My grandmother never spoke about Jennifer. There were no pictures of her in the house. She wanted my mother, her daughter, to have the abortion.

I slipped the letter back into its envelope and put the envelope back inside the book and put the book back on the little shelf.  

VII

“Hello. You’ve reached the home of Jim, Janice, Jessica…” 

Jessica married an Englishman. Jessica, the social worker, who is the most thoughtful of my parents’ children, who buys birthday presents for our grandfather and ships them across the Atlantic, who orders flowers to be delivered to our mother on Mother’s Day. Many years ago, Jessica told me she’d been thinking about maybe trying for a baby. “What do you want to name your children?” I asked her, both of us lounging on the couch. 

“If it’s a boy,” she said, “Noah. And Jennifer if it’s a girl.” 

Jessica was two years older than me, which meant that she was four when Jennifer was alive. I wondered if she could picture Jennifer’s face or if she, like me, only had photographs. There were pictures of Jessica holding me as a baby. There were pictures of her holding Jennifer. Jessica took care of people in a way I couldn’t take care of people. She was better at remembering them, and better at remembering God. I wondered, again, if to find Jennifer was to find God— after all, they were supposedly living together, their toothbrushes by the same sink. 

The name Jennifer means “fair one,” however its Celtic meaning is “white wave.” 

But Jennifer cannot be found in the waves. She was not scattered there, but in the mountains. And a tree was planted outside my parents’ church in her memory. The tree has since died, although it had a much longer life than the memorialized. A member of the congregation carved a bowl, big enough to hold half a dozen apples, out of the tree’s wood that now sits in my parents’ dining room, empty.  

VIII

Here is a sad truth: I do not have a problem remembering Christmas. 

When I was twelve, my family spent Christmas in Mexico. We climbed the pyramids in Chichen Itza. I had never been so hot. We ran to patches of shade like cats chasing yarn. We spent seven hours on a tour bus. At the end of the day, we returned to our cruise ship. It sat like a beached whale that had swallowed a tangle of lights. 

I cried into my mother’s shoulder. “This wasn’t Christmas at all,” I said. “Christmas isn’t supposed to be so hot.” 

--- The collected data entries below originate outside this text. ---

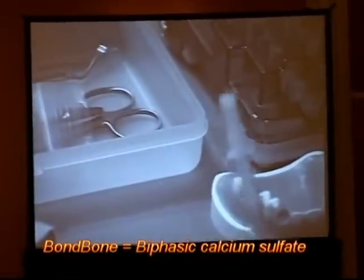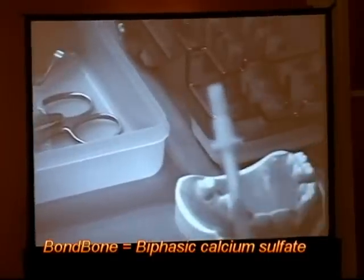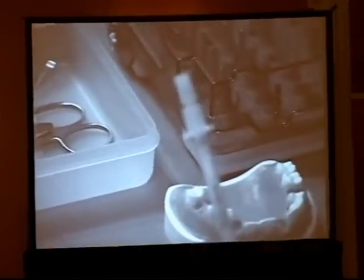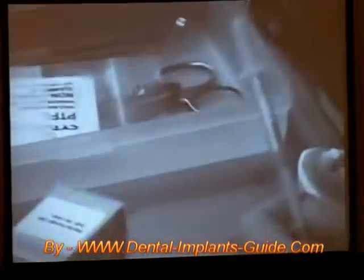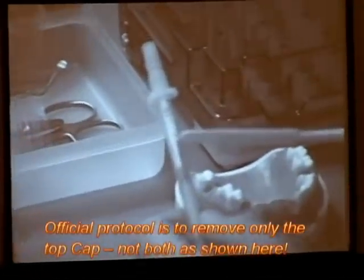What I will do is I'm going to withdraw the plunger about one centimeter. Now you can see that there's air space between the plunger and the calcium sulfate.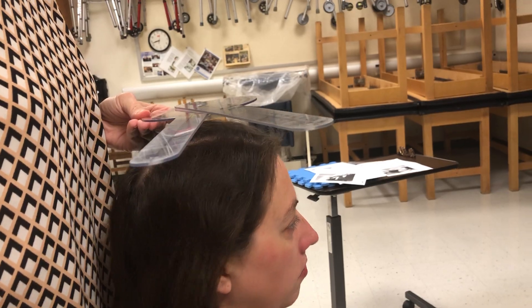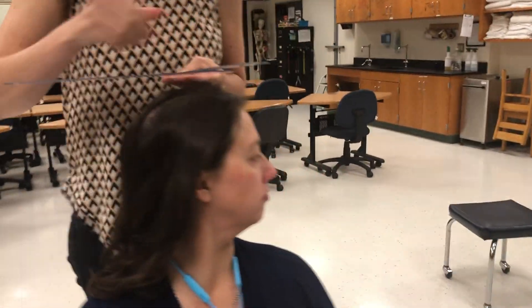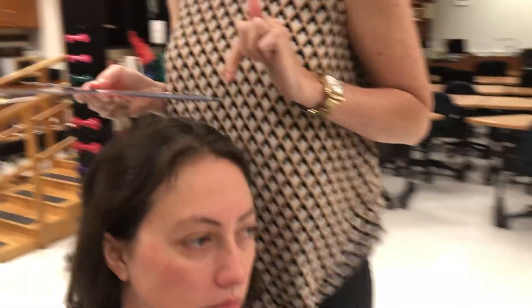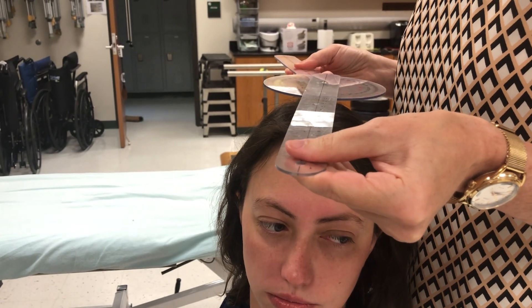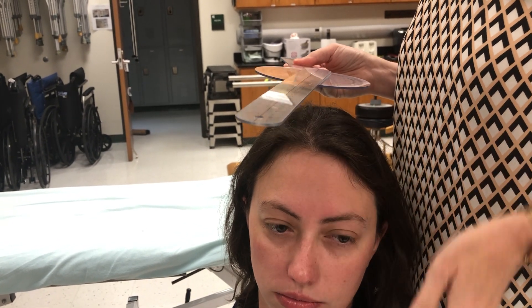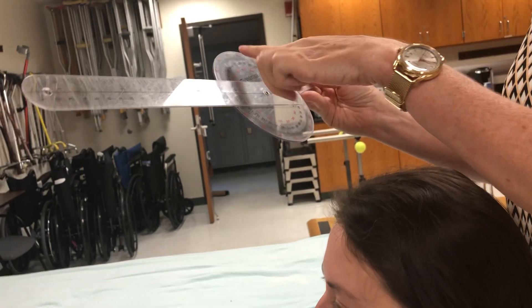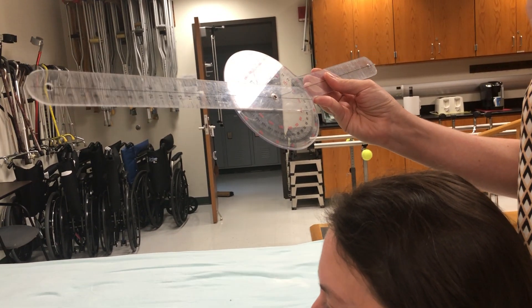Now I'm going to have you look over your left shoulder as far as you can. Her nose was straight ahead, that's where she started. I make sure my fulcrum is over the center aspect of the head and double check that my stationary arm is parallel to that black line on the floor. I bring the moving arm right over the tip of her nose. I'm measuring from zero and she's getting about 74 to the left.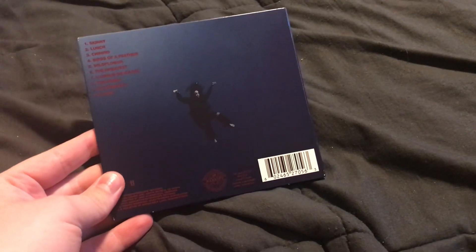So yeah, let's just get right into it. My favorite right now is Birds of a Feather off of this album.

My khaki skort was creased from sitting on the tour bus all day. “It’s like it never even happened,” I said.

But Christmas did happen; I didn’t see it because there was no snow or strings of Christmas lights. I couldn’t recognize Christmas without giant glowing signs to guide my mind back to the season, and thus to Christ—someone’s child who also died too young.

In December of 1991, my mother and father fled the hospital after my mother fled from the abortion. Feeling like two electric bulbs, they walked around the local mall, their eyes wet and swelling with lights and love. Wreaths hung against the walls like frames without mirrors, subverting vanity. Christmas trees sat in front of department stores, pointing up. After two weeks of trying to decide whether to keep the baby, they had forgotten about Christmas. But now everything was about to happen. For unto us, a child is born.

VIIII

One morning, a few months after I moved to the town by the beach, I woke up at my aunt and uncle’s beach house early to try and catch the sunrise. This was one of the benefits of Southern beach towns. I put on sweatpants and flip flops and tiptoed down the stairs. When I opened the front door, I saw enormous grey clouds in every direction. I walked to the beach anyway, full of hope, thinking that the experience might make me feel God like I hadn’t felt them since my parents’ missionary years. God is like gurgling joy in the back of my throat. God is like a warm reassurance of life in my chest that sits right beneath my heart like a pillow.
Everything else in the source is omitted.